The harsh cryptocurrency regulatory climate in India has turned out to be a gift for the self-styled blockchain island of Malta as one of the cryptocurrency exchanges that recently shut down in the world’s second-most populous country has decided to move operations there.
First reported by Quartz, Zebpay, one of the biggest exchanges in India, has registered an office in Malta with a view of serving not just citizens and residents of the island nation but also other European countries. In the Terms of Use page on its website Zebpay lists 20 countries whose residents and citizens are eligible to access its cryptocurrency exchange services. Besides Malta others include major European countries such as France, Germany, Italy, the Netherlands, Ireland, Sweden and Denmark.
New Home
In Malta, Zebpay has been incorporated under the name Awlencan, according to its website:
“For all intents and purposes, Zebpay shall mean and include below – Awlencan Innovations Malta Limited [C-88318], a Maltese Registered Company with Office Address situated at: 48, Triq Stella Maris, Sliema, SLM 1765, Malta, which owns and operates the ‘Zebpay’ VFA Exchange Platform in Malta, hereinafter referred to as “Awlencan” or “Zebpay” or “company”…”
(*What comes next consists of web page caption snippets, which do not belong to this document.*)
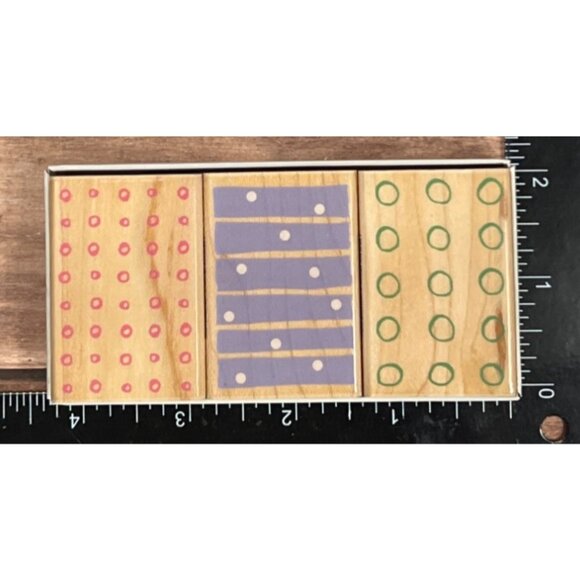 2005 HERO ARTS LL963 DOTS, DOTS, AND DOTS SET OF 3 WOOD MOUNTED RUBBER STAMP - Picture 3 of 4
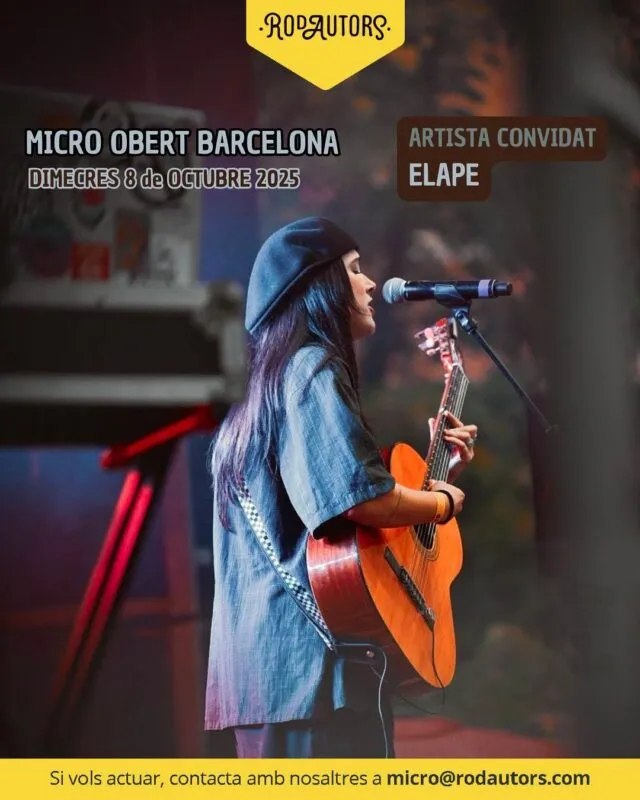 🍂Dimecres és sinònim de cançó, poesia i autenticitat.
🎙️Torna el micro obert de Rodautors a la New Fizz! Aquest dimecres tenim a la @elape.music  com a convidada especial 🔥
🌟Vine a donar veu a les teves emocions (o a escoltar les dels altres).
______________

🍂Miércoles es sinónimo de canción, poesía y autenticidad.
🎙️¡Vuelve el micro abierto de Rodautors a la New Fizz! Este miércoles tenemos a @elape.music como invitada especial 🔥
🌟Ven a dar voz a tus emociones (o a escuchar las de las demás).

#Rodautors #microobert #Barcelona #musica #musicadeautora #musicadeautor #cantautor #cantautora #openmic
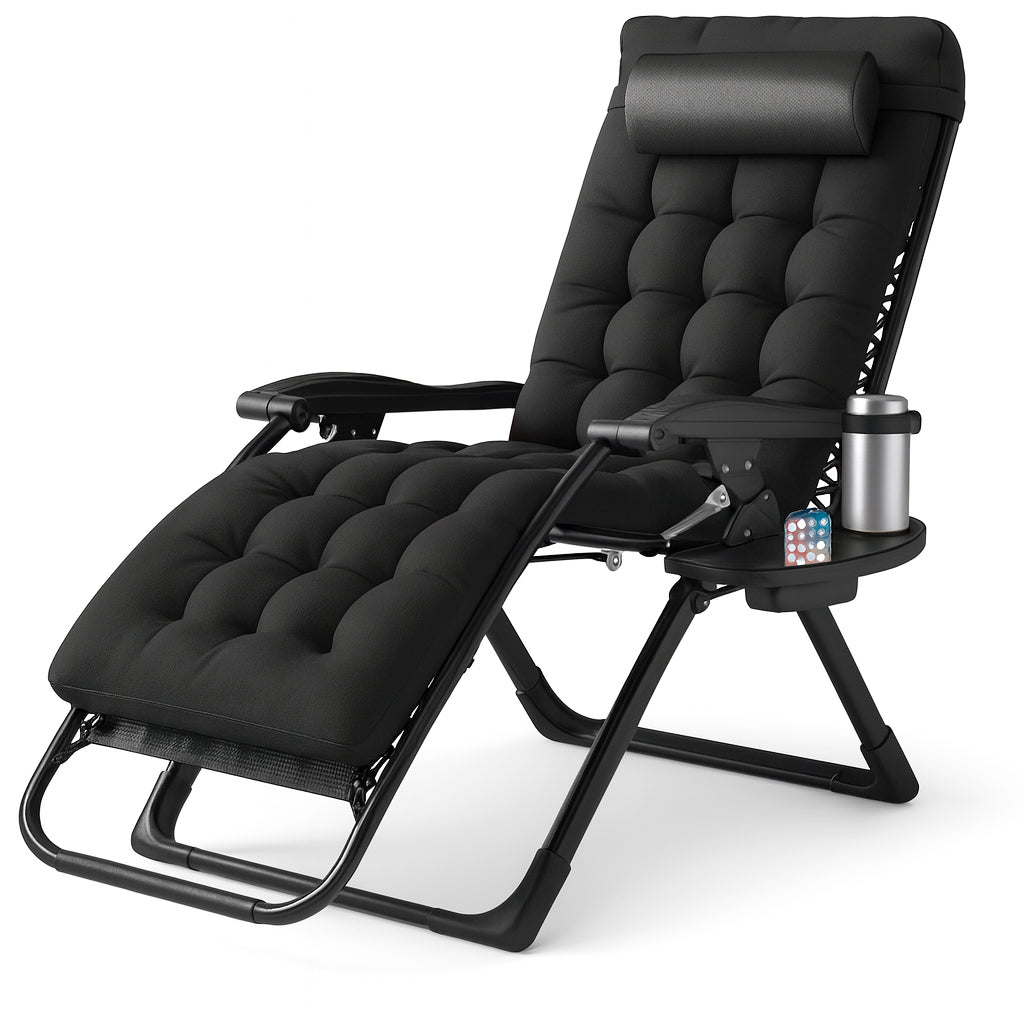 LIFERECORD Zero Gravity Chair, Patio Folding Recliner with Removable Cushion Portable Reclining Chairs with Cup Holder Trays for Outdoor, Black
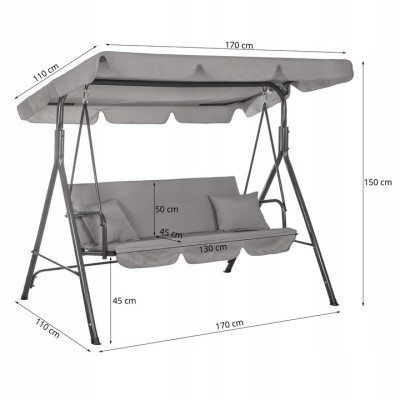Záhradná hojdačka SPRINGOS GRACE 3-miestna, šedá
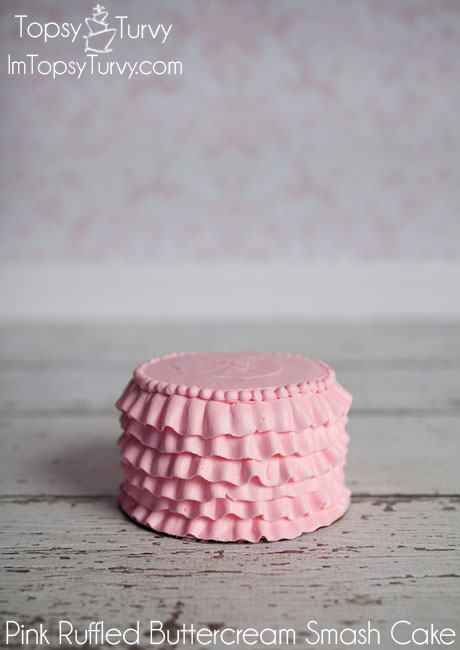 large-pink-ruffled-buttercream-smash-cake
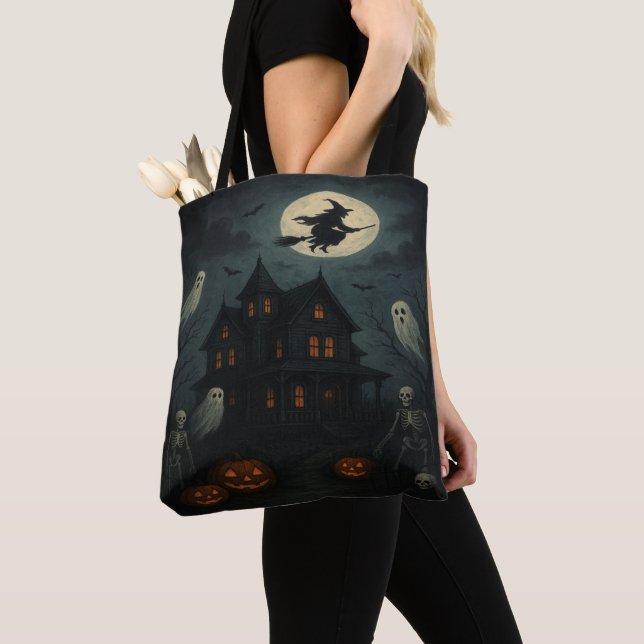 Halloween Haunted House Tote Bag (Close Up)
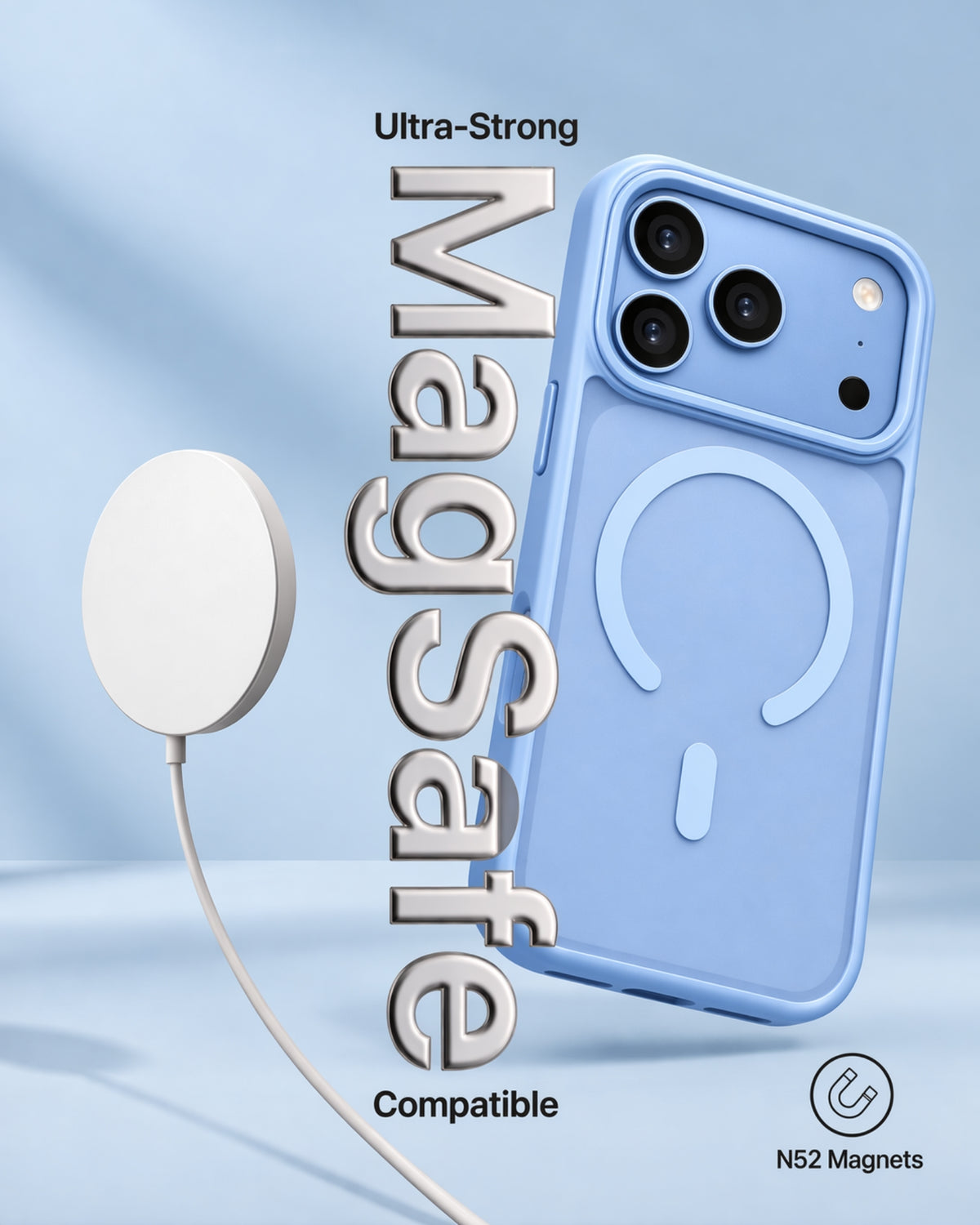 infyty MODO Frosted Soft Touch Case with Metallic Accents for iPhone 18 Pro Max - Light Blue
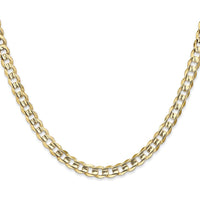 10K Yellow Gold 5.25mm Open Concave Curb Chain Necklace - 20"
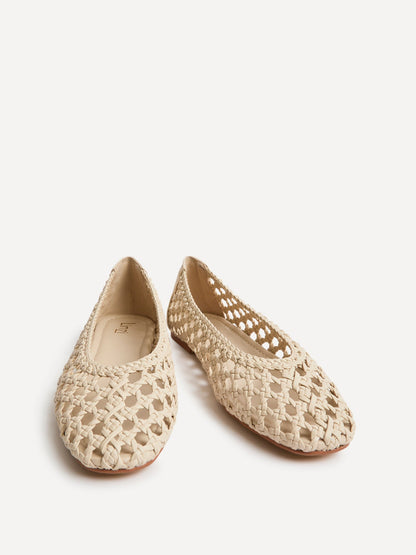 Melina Ivory Handwoven Ballet Flats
Zebpay’s decision to shut down its Indian operations was announced last month and this was blamed on a move by the Reserve Bank of India to ban the financial institutions that it regulates from offering banking services to crypto businesses.
“The curb on bank accounts has crippled our, and our customer’s, ability to transact business meaningfully,” Zebpay wrote in a statement at the time as CCN reported. “At this point, we are unable to find a reasonable way to conduct the cryptocurrency exchange business.”
At the time, Zebpay, which was only launched three years ago, had amassed approximately three million users with hundreds of thousands of new users joining each month prior to the banking freeze by India’s central bank.
Negative Ripple Effect
The banking freeze which was announced in April this year has had a negative effect not just on cryptocurrency exchanges but also on the wider blockchain ecosystem in the world’s sixth-largest economy by nominal GDP. Late last month CCN reported that the harsh regulatory position of India’s government on cryptocurrencies was causing brain drain in the country’s blockchain space. Additionally, businesses and investments in the sector were exiting and heading to countries with a more conducive environment such as Switzerland, Estonia and Thailand.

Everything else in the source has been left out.